Ao menos duas audiências públicas foram realizadas recentemente acerca do tema: uma em 15 de maio, na Comissão de Defesa do Consumidor da Câmara; outra no último dia 4, na Comissão de Assuntos Sociais (CAS) do Senado. Em ambas, representantes de entidades e organismos de defesa do consumidor, bem como de associações de usuários, defenderam que haja uma regulação mais protetiva aos clientes dos planos coletivos de saúde assim como já existe para os de planos individuais e familiares.

Já Marcos Novais, da Associação Brasileira de Planos de Saúde (Abramge), argumentou nas duas audiências que as operadoras têm feito o cancelamento dos planos coletivos por adesão para assegurar a manutenção de seus serviços, já que o aumento das despesas tem sido maior do que é arrecadado com o total das mensalidades.

‘O CANCELAMENTO E O DESCREDENCIAMENTO ANDAM JUNTOS’

Letícia Fantinatti de Mello tem participado das audiências públicas. Em 2021, a cliente da Amil precisou de atendimento médico em razão dos baixos níveis de potássio em seu organismo, mas não foi atendida nos hospitais que procurou, uma vez que fora descredenciada, sem aviso, pela operadora em seu plano na modalidade individual.

Ela e outras pessoas que passaram por situações similares à época fundaram a Associação Vítimas a Mil e obtiveram liminares na Justiça para a manutenção dos contratos. Entretanto, Letícia diz que ainda assim tem encontrado resistências para ser atendida e menos opções, já que a operadora descredenciou alguns locais de atendimento.
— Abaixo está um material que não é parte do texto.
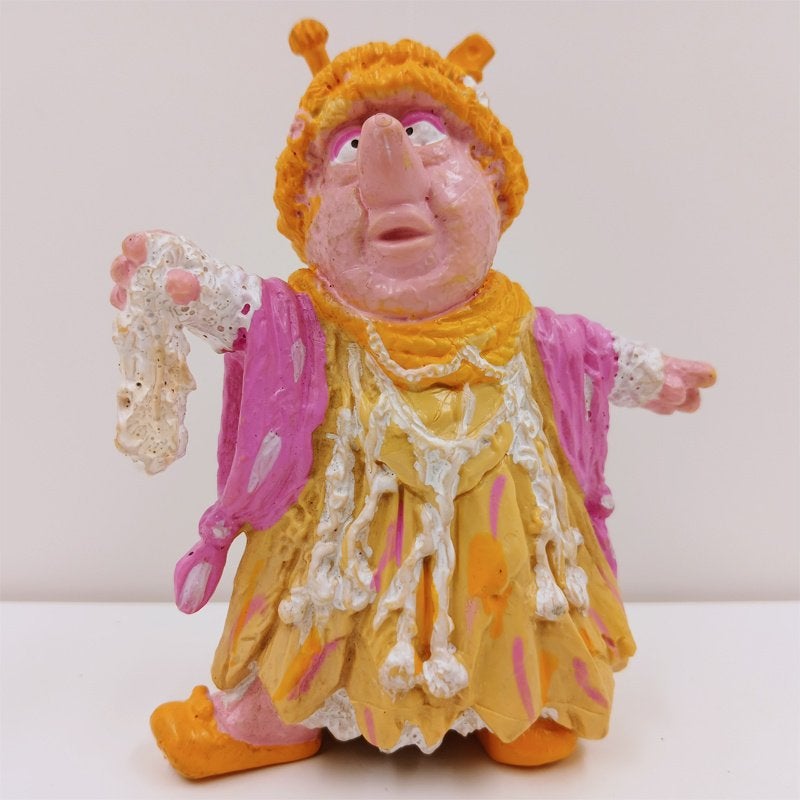 Fraggle Rock Ma Gorg Schleich 1984, Ophalen of Verzenden, Zo goed als nieuw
“Não basta que se olhe para a questão do cancelamento do plano. O cancelamento e o descredenciamento andam juntos. Hoje, a Justiça tem dado parecer favorável para que os clientes voltem ao plano de adesão, mas as operadoras estão descredenciando o atendimento. Onde estas pessoas irão se tratar? Vão enfrentar a mesma situação que eu”, disse.
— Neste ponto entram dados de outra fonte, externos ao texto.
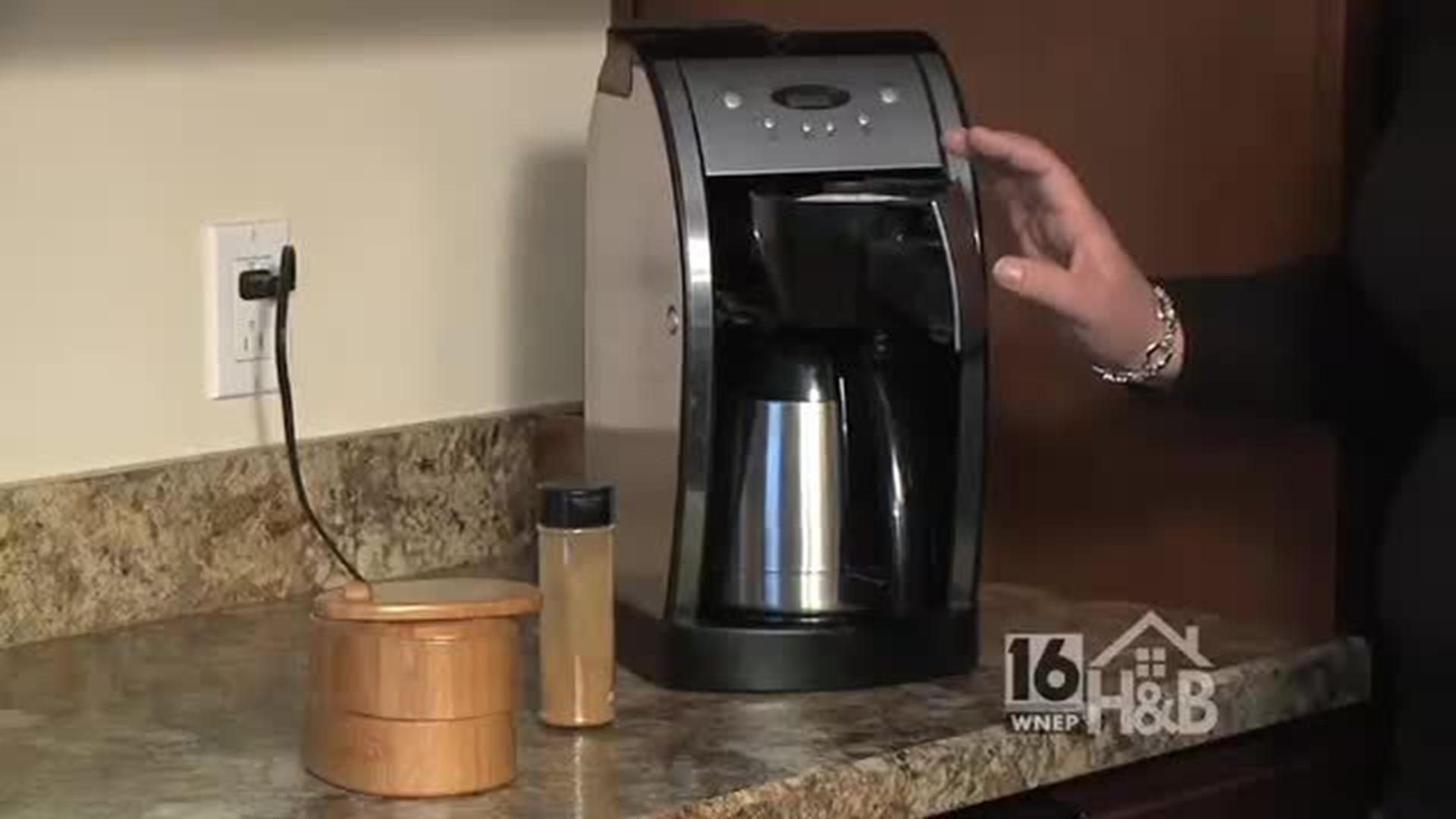 Easy "Homemade" Flavored Coffee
Letícia destaca, ainda, que nos comunicados de cancelamento as operadoras não têm dado todas as informações referentes à portabilidade, uma garantia para que o cliente troque de plano sem ter de cumprir algumas exigências, como o período de carência de procedimentos.

O QUE DIZ A AMIL?

Em seu site, a Amil Assistência Médica Internacional S.A explica que a decisão de cancelar alguns planos coletivos por adesão deve-se ao fato “de que tais contratos, negociados por administradoras de benefícios diretamente com entidades de classe, com intermediação de corretoras, apresentam há vários anos situação de desequilíbrio extremo entre receita e despesa, a ponto de não vermos a possibilidade de reajuste exequível para corrigir esse grave problema”.
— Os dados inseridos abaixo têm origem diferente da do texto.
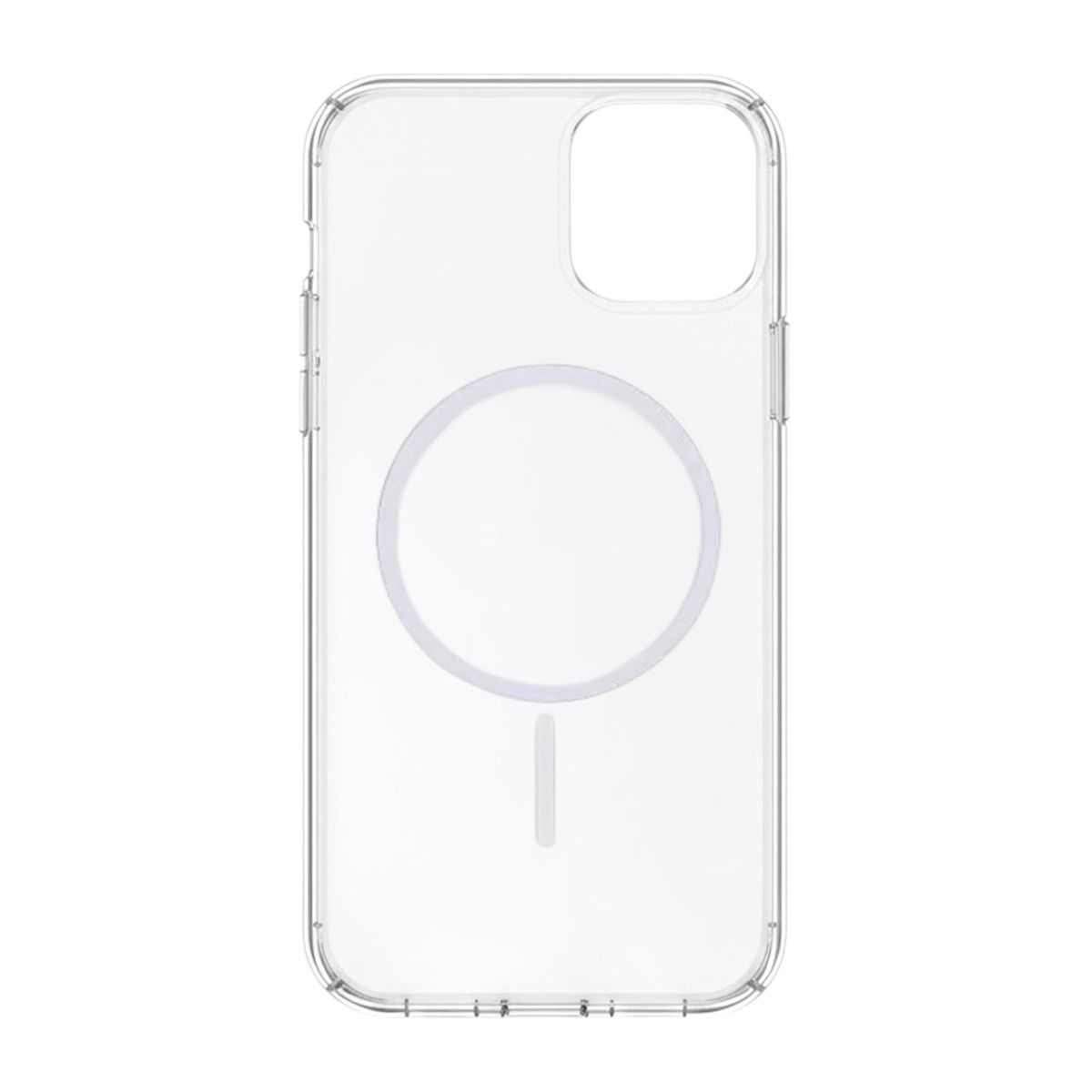 Full Coverage PC Thin Ring Magneticfor iPhone 14/13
A operadora assegura, porém, que beneficiários que estejam internados ou tratamento médico garantidor de sua sobrevivência ou de sua incolumidade física “continuarão recebendo cobertura da Amil para os cuidados assistenciais prescritos até a efetiva alta, conforme os critérios e normativas estabelecidos”.

COMO PROCEDER SE O SEU PLANO DE SAÚDE POR ADESÃO FOR CANCELADO:

  • Certifique-se de que você tem uma comunicação acerca do cancelamento (carta, e-mail ou mensagem de WhatsApp);
  • Reúna documentos, relatórios e prescrições médicas;
  • Busque um advogado especializado ou a Defensoria Pública para ingressar na Justiça com um pedido de liminar para a continuidade do contrato;
  • Em posse da liminar – uma decisão antecipada e provisória que o juiz da causa profere com urgência – o paciente pode voltar a ter acesso imediato aos serviços de saúde que lhes foram negados pela operadora;
  • É possível abrir no site da ANS (www.gov.br/ans) uma Notificação de Intermediação Preliminar (NIP) para tentar sanar o problema.